I get out a Malediction to calm my nerves only to find that I used my last match back in the tunnel. I could use some hoodoo to burn something, but there’s nothing in the circle I can burn except me. I shouldn’t have thrown the donut box away. I could have used that. I can still go get it. I mean, I can see it from where I’m sitting, but I’m new to this saint-meditating-in-the-desert bit and I’m afraid that if I leave the circle it will reset whatever magic clock determines how long I have to wait and I’ll have to start all over again.

In an act of desperation, I put a Malediction on the ground and whisper some hoodoo to see if I can light it.

It explodes like a firecracker.

Yeah. I need to work on those little spells. God knows I have time for it now.

I try shouting at the mountain to see if I get an echo back, but what little voice I had lef

t I used up talking to Alice.

I might have lost everything else, but at least I got to see her again. That’s pretty good. One check mark in the Not Entirely Dismal column. I’m going to have to come up with a lot more of those to even out that column with the Are You Fucking Kidding Me one.

Now how long has it been? Another five minutes? Ten? I shouldn’t have had all that sugar.

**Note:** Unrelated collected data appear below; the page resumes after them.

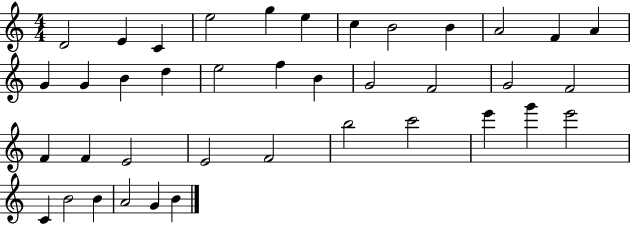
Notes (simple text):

D4/h E4/q C4/q E5/h G5/q E5/q C5/q B4/h B4/q A4/h F4/q A4/q G4/q G4/q B4/q D5/q E5/h F5/q B4/q G4/h F4/h G4/h F4/h F4/q F4/q E4/h E4/h F4/h B5/h C6/h E6/q G6/q E6/h C4/q B4/h B4/q A4/h G4/q B4/q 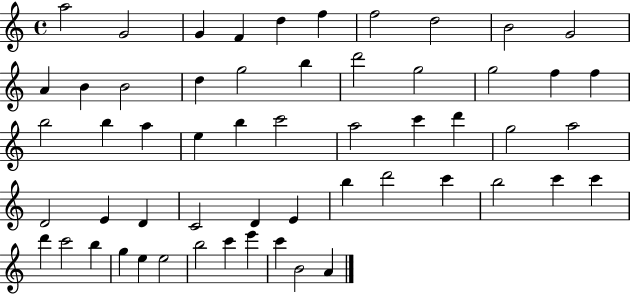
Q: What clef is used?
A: treble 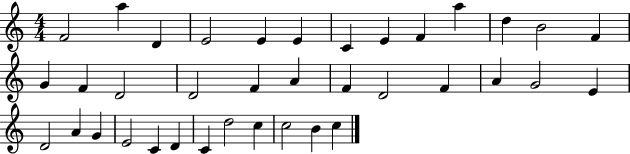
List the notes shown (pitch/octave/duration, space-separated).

F4/h A5/q D4/q E4/h E4/q E4/q C4/q E4/q F4/q A5/q D5/q B4/h F4/q G4/q F4/q D4/h D4/h F4/q A4/q F4/q D4/h F4/q A4/q G4/h E4/q D4/h A4/q G4/q E4/h C4/q D4/q C4/q D5/h C5/q C5/h B4/q C5/q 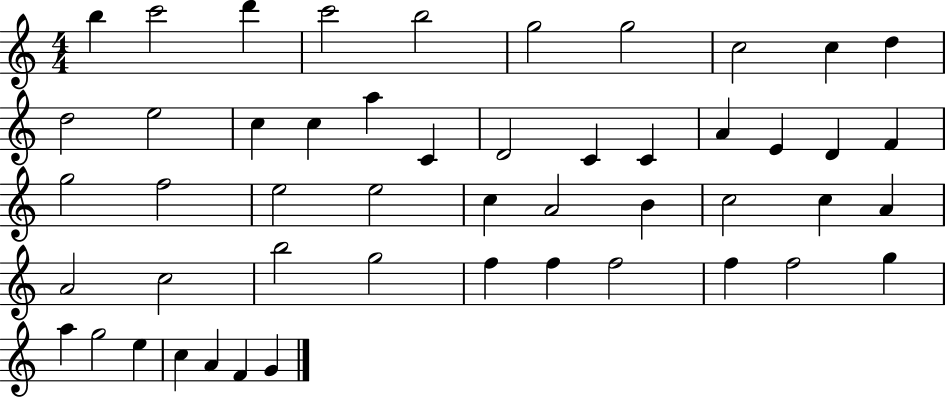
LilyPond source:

{
  \clef treble
  \numericTimeSignature
  \time 4/4
  \key c \major
  b''4 c'''2 d'''4 | c'''2 b''2 | g''2 g''2 | c''2 c''4 d''4 | \break d''2 e''2 | c''4 c''4 a''4 c'4 | d'2 c'4 c'4 | a'4 e'4 d'4 f'4 | \break g''2 f''2 | e''2 e''2 | c''4 a'2 b'4 | c''2 c''4 a'4 | \break a'2 c''2 | b''2 g''2 | f''4 f''4 f''2 | f''4 f''2 g''4 | \break a''4 g''2 e''4 | c''4 a'4 f'4 g'4 | \bar "|."
} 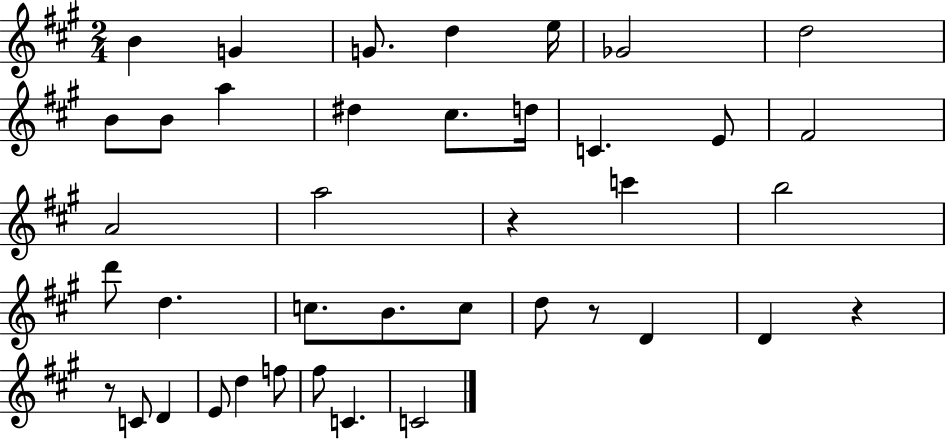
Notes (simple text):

B4/q G4/q G4/e. D5/q E5/s Gb4/h D5/h B4/e B4/e A5/q D#5/q C#5/e. D5/s C4/q. E4/e F#4/h A4/h A5/h R/q C6/q B5/h D6/e D5/q. C5/e. B4/e. C5/e D5/e R/e D4/q D4/q R/q R/e C4/e D4/q E4/e D5/q F5/e F#5/e C4/q. C4/h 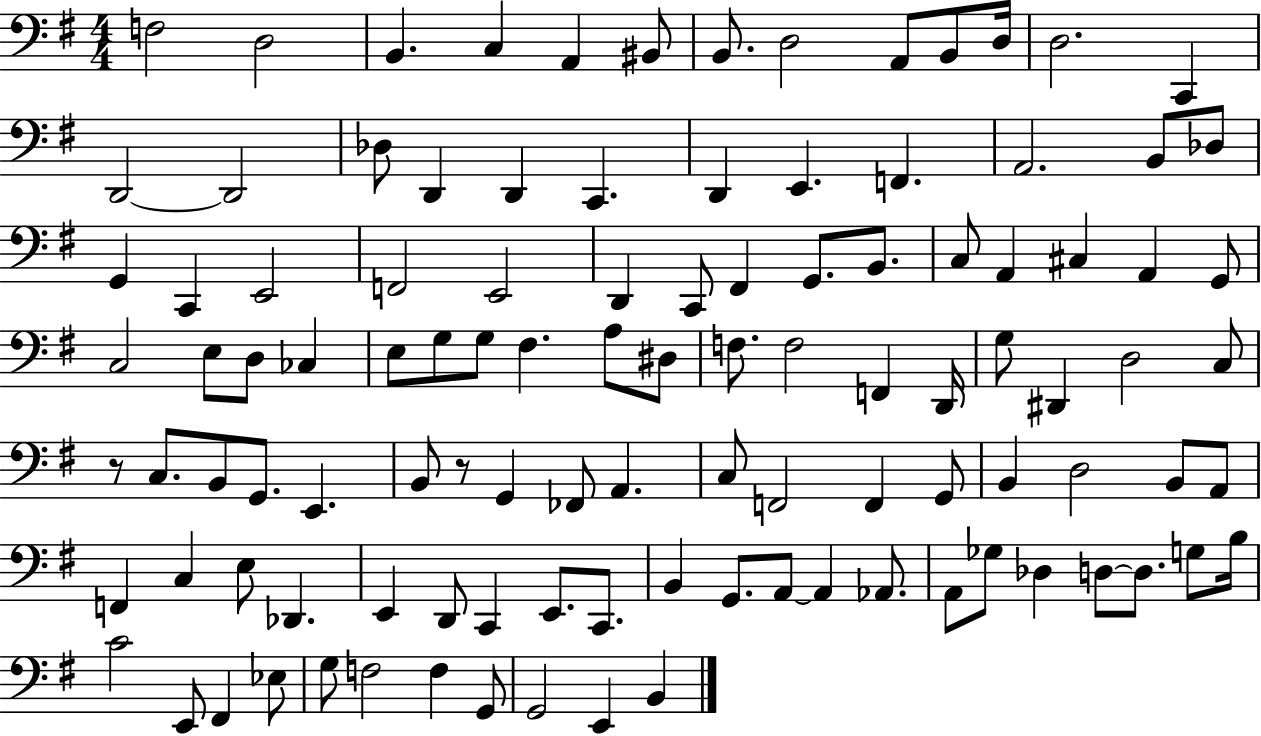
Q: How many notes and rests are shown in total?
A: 108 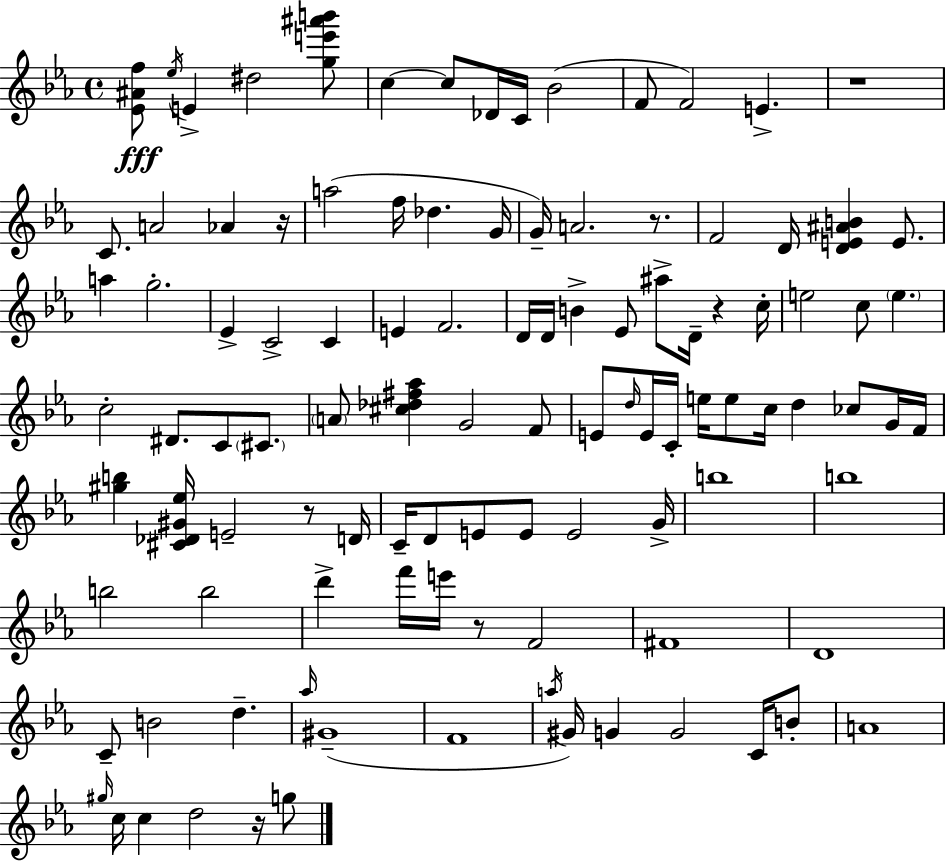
{
  \clef treble
  \time 4/4
  \defaultTimeSignature
  \key c \minor
  \repeat volta 2 { <ees' ais' f''>8\fff \acciaccatura { ees''16 } e'4-> dis''2 <g'' e''' ais''' b'''>8 | c''4~~ c''8 des'16 c'16 bes'2( | f'8 f'2) e'4.-> | r1 | \break c'8. a'2 aes'4 | r16 a''2( f''16 des''4. | g'16 g'16--) a'2. r8. | f'2 d'16 <d' e' ais' b'>4 e'8. | \break a''4 g''2.-. | ees'4-> c'2-> c'4 | e'4 f'2. | d'16 d'16 b'4-> ees'8 ais''8-> d'16-- r4 | \break c''16-. e''2 c''8 \parenthesize e''4. | c''2-. dis'8. c'8 \parenthesize cis'8. | \parenthesize a'8 <cis'' des'' fis'' aes''>4 g'2 f'8 | e'8 \grace { d''16 } e'16 c'16-. e''16 e''8 c''16 d''4 ces''8 | \break g'16 f'16 <gis'' b''>4 <cis' des' gis' ees''>16 e'2-- r8 | d'16 c'16-- d'8 e'8 e'8 e'2 | g'16-> b''1 | b''1 | \break b''2 b''2 | d'''4-> f'''16 e'''16 r8 f'2 | fis'1 | d'1 | \break c'8-- b'2 d''4.-- | \grace { aes''16 }( gis'1-- | f'1 | \acciaccatura { a''16 } gis'16) g'4 g'2 | \break c'16 b'8-. a'1 | \grace { gis''16 } c''16 c''4 d''2 | r16 g''8 } \bar "|."
}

After all the time I spent in Hell, I should probably have looked up my parents. I know my father is here. He tried to kill me and Upstairs they’re not big on trying to kill your son. That said, I’m not even sure my mom is down here. Her only sin was being sad and lonely. Okay, she fucked an archangel and gave birth to me. And I’m guessing giving birth to an Abomination might not get you in good with the Heavenly membership committee. Right. Second thing to do when I get back. Look up Mom. She hated being alone, so she’s probably with the refugees at Heaven’s gates. I think about my father some more. Consider letting bygones be bygones and all that crap they tell you in magazines. Hell, I’m knee-deep in angels ready to murder the universe over daddy issues. Maybe it’s time to let mine go.

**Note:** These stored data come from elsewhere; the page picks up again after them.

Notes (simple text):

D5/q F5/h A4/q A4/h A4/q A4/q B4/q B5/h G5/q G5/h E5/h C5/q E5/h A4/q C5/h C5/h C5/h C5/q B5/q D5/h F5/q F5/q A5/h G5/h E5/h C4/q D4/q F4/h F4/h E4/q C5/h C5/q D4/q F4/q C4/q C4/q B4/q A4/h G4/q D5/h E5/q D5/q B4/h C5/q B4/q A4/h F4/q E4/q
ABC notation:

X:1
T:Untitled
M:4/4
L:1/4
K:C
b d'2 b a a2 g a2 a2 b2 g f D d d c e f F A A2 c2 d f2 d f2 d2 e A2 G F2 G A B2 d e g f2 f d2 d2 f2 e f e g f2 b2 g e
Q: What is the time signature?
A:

Still, it might be fun to sneak up behind him and yell “Bang!” just once.

Is Death here yet?

I take a long drink of Aqua Regia. It burns my throat, but not as much as before. Still, it makes me dizzy. Or am I dizzy because I cut myself? I think I lost a lot more blood than I meant to. Oh, man. If I die here and someone finds me, my headstone is going to read here lies sandman slim, he died of donuts and self-pity.